Joseph Abah, an Accounting Officer in Vestergaard Frandsen Nigeria Limited, lives in Kpeyegyi.
“The water situation in this area is extremely bad. In this community, the only source of water is well water or privately individuals that own boreholes. We do buy water from the water vendors (mai ruwas) and a rubber cost N 20; by the time you calculated five rubbers, you’re spending N100 which you can use to do some other things that are very necessary and I don’t think most people can afford it.
“The problem of water in this community is a serious one that we need the Ministry of Water Resources to come to our aid. Sometimes people fetch water from the well to cook and I would not guarantee that is hygienic or safe water for one to use in cooking or to drink, even in bathing.”

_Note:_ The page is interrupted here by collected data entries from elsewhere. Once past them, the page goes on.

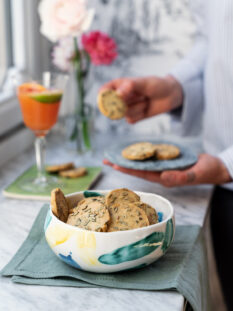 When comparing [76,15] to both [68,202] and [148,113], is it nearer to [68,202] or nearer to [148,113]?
[148,113]

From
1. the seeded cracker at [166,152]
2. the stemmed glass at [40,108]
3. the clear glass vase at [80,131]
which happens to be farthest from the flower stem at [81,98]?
the seeded cracker at [166,152]

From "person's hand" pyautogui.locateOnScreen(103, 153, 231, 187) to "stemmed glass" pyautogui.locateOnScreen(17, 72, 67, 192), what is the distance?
0.19m

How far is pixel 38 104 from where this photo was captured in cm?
122

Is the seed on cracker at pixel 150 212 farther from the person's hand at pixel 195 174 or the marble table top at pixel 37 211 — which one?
the person's hand at pixel 195 174

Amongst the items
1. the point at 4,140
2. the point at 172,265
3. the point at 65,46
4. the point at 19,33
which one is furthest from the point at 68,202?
the point at 19,33

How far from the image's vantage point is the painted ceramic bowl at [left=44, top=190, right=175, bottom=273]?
2.35ft

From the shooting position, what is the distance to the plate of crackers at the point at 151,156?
115 cm

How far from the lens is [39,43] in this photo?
1.78 m

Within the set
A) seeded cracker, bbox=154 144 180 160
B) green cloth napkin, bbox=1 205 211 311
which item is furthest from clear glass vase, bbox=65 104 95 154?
green cloth napkin, bbox=1 205 211 311

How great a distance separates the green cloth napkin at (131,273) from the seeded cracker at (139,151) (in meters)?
0.33

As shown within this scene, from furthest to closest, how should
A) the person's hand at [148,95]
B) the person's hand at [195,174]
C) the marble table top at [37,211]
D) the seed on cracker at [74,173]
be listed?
the person's hand at [148,95] → the seed on cracker at [74,173] → the person's hand at [195,174] → the marble table top at [37,211]

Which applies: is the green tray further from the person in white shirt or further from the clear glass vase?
the clear glass vase

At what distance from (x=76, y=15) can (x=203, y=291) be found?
0.86 meters

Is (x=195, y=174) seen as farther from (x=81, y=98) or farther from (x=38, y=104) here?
(x=81, y=98) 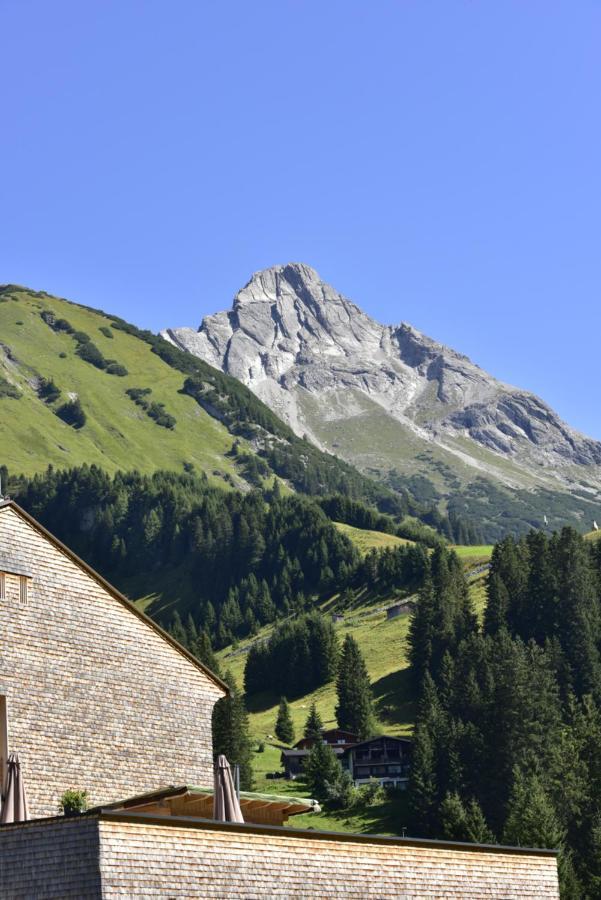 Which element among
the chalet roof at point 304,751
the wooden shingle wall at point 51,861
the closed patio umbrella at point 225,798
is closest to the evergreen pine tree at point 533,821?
the chalet roof at point 304,751

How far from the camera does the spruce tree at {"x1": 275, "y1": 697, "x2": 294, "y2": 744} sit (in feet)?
493

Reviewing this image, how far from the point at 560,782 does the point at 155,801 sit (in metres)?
76.1

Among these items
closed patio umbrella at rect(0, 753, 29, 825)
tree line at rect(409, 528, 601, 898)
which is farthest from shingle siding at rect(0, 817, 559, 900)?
tree line at rect(409, 528, 601, 898)

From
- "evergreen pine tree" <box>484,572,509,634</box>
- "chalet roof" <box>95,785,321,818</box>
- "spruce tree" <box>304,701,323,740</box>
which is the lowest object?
"chalet roof" <box>95,785,321,818</box>

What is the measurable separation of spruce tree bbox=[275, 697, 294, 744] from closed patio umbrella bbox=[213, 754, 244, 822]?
125 meters

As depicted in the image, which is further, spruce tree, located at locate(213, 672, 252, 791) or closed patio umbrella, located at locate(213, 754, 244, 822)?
spruce tree, located at locate(213, 672, 252, 791)

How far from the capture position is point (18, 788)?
86.8 feet

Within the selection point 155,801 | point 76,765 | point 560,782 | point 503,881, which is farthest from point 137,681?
point 560,782

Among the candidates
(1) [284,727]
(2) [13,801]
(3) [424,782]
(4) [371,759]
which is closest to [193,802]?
(2) [13,801]

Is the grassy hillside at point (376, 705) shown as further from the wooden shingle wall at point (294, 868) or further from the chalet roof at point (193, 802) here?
the wooden shingle wall at point (294, 868)

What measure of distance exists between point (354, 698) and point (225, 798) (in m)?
125

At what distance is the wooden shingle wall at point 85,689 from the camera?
31188 mm

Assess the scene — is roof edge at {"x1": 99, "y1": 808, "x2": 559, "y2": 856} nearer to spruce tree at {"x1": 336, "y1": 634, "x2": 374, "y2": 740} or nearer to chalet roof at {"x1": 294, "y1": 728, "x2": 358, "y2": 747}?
chalet roof at {"x1": 294, "y1": 728, "x2": 358, "y2": 747}

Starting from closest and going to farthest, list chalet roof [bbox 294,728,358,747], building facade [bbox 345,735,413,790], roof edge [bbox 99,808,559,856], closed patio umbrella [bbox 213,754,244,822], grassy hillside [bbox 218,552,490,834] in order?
roof edge [bbox 99,808,559,856]
closed patio umbrella [bbox 213,754,244,822]
grassy hillside [bbox 218,552,490,834]
building facade [bbox 345,735,413,790]
chalet roof [bbox 294,728,358,747] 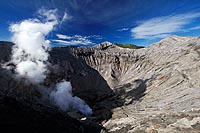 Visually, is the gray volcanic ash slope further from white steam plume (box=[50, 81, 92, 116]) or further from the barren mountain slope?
white steam plume (box=[50, 81, 92, 116])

He suggested that in order to ameliorate the sufferings of residents, the government should provide boreholes in several locations in the community.
“We are really passing time in this community especially in this harmattan season, the well gets dried up and the only means of getting water is from the borehole. A lot of people go as far as the river to get water, so if government can think about it and provide us with boreholes I think it will save and lot of life,” he said.
Another resident, Mrs. Joy Aaron, a trader, was worried about the health implication the sources of water in the area to residents relying on the sources.
“The source of water in this area is well water and rivers that emanated from the rock. It is bad because people wash, bathe and also drink from the same water. Some people also use dirty fetchers or container to fetch from the well water.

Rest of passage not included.